O presidente da Fectrans apontou problemas como os salários praticados em Portugal, os elevados custos de formação de camionistas e o preço da carta de condução, que pode chegar aos 6.000 euros.

O presidente da Federação dos Sindicatos de Transportes e Comunicações (Fectrans) disse à Lusa que a escassez de camionistas, que está a causar problemas de abastecimento de combustível no Reino Unido, é uma questão identificada “há alguns anos” em Portugal.

“É uma questão que está identificada já há alguns anos […]. Os patrões já naquele período de 2018, 2019, quando negociámos a nova convenção coletiva, uma das coisas que a associação patronal muitas vezes referia era a dificuldade de recrutar trabalhadores”, apontou José Manuel Oliveira.

Para o dirigente sindical, um dos problemas “era o tipo de salários que eram praticados em Portugal”.

José Manuel Oliveira apontou ainda os elevados custos de formação de camionistas, bem como o preço da carta de condução, que pode chegar aos 6.000 euros.

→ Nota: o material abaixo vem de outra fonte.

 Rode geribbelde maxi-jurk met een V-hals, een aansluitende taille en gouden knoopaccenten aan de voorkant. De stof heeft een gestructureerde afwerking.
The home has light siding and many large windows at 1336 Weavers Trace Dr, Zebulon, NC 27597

Quanto à situação no Reino Unido, o presidente da Fectrans diz não ter noção se há muitos camionistas portugueses a trabalhar naquele país e que possam agora vir a ter problemas, mas adiantou que a federação de sindicatos está “a acompanhar” a questão.

O Governo britânico colocou, na segunda-feira, dezenas de militares de prontidão para prestar auxílio, no sentido de resolver os problemas de abastecimento de combustível provocados pela falta de camionistas, uma situação que gerou pânico na aquisição de gasolina em todo o país.

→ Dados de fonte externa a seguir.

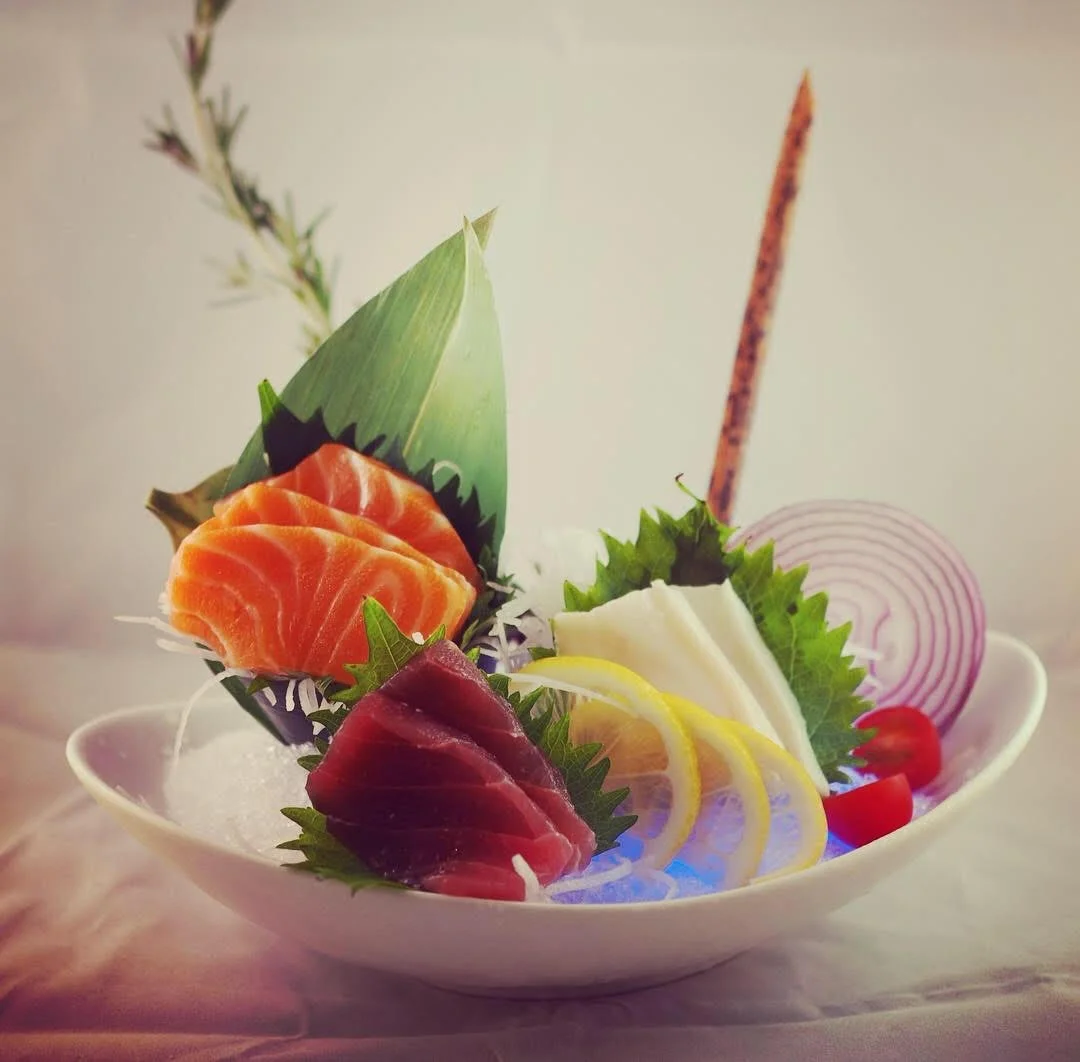Japanese sashimi platter with assorted fish and garnishes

A escassez de combustível no Reino Unido deve-se ao abastecimento desencadeado pelo “pânico”, afirmou o presidente da Associação de Postos de Gasolina (PRA) britânica, tendo o Governo recorrido ao Exército para ajudar.

A PRA tinha alertado no domingo para que cerca de dois terços dos quase 5.500 pontos de venda independentes filiados estavam sem combustível e que os restantes estavam “parcialmente secos ou prestes a esgotar”.

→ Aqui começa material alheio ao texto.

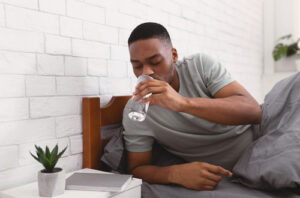 man having a drink of water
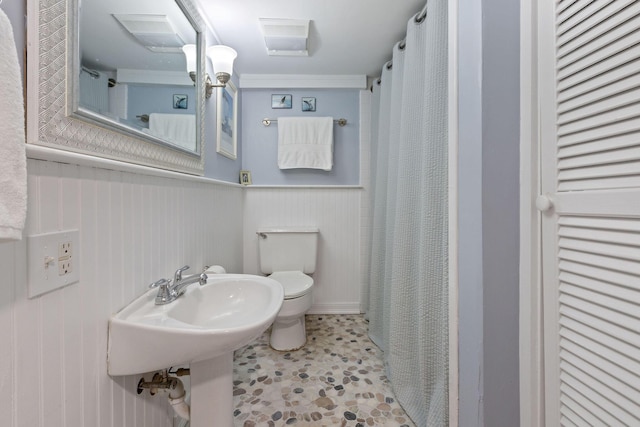 bathroom featuring toilet and wooden walls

A corrida ao abastecimento acelerou nos últimos dias, depois de várias petrolíferas terem anunciado o encerramento de alguns postos devido à dificuldade em abastecê-los, problema que atribuíram à falta de camionistas para conduzir os tanques desde as refinarias.

Numa declaração conjunta, empresas do setor, como a Shell, ExxonMobil e Greenergy, vincaram que as dificuldades no abastecimento estão a ser causadas por “picos temporários na procura do cliente – não uma escassez nacional de combustível”.

Nos últimos dias, o Governo tem apelado à calma e à consciência dos automobilistas para que comprem apenas a gasolina ou gasóleo de que precisem, mas no fim de semana foi forçado a tomar medidas, anunciando 5.000 vistos para camionistas estrangeiros.

No pacote de várias medidas incluem-se também a suspensão das regras da concorrência, para que as petrolíferas possam partilhar recursos no abastecimento de postos com maior necessidade, o envio de cartas a urgir camionistas para voltarem à profissão e o envolvimento de militares para acelerar a realização de exames de condução de veículos pesados.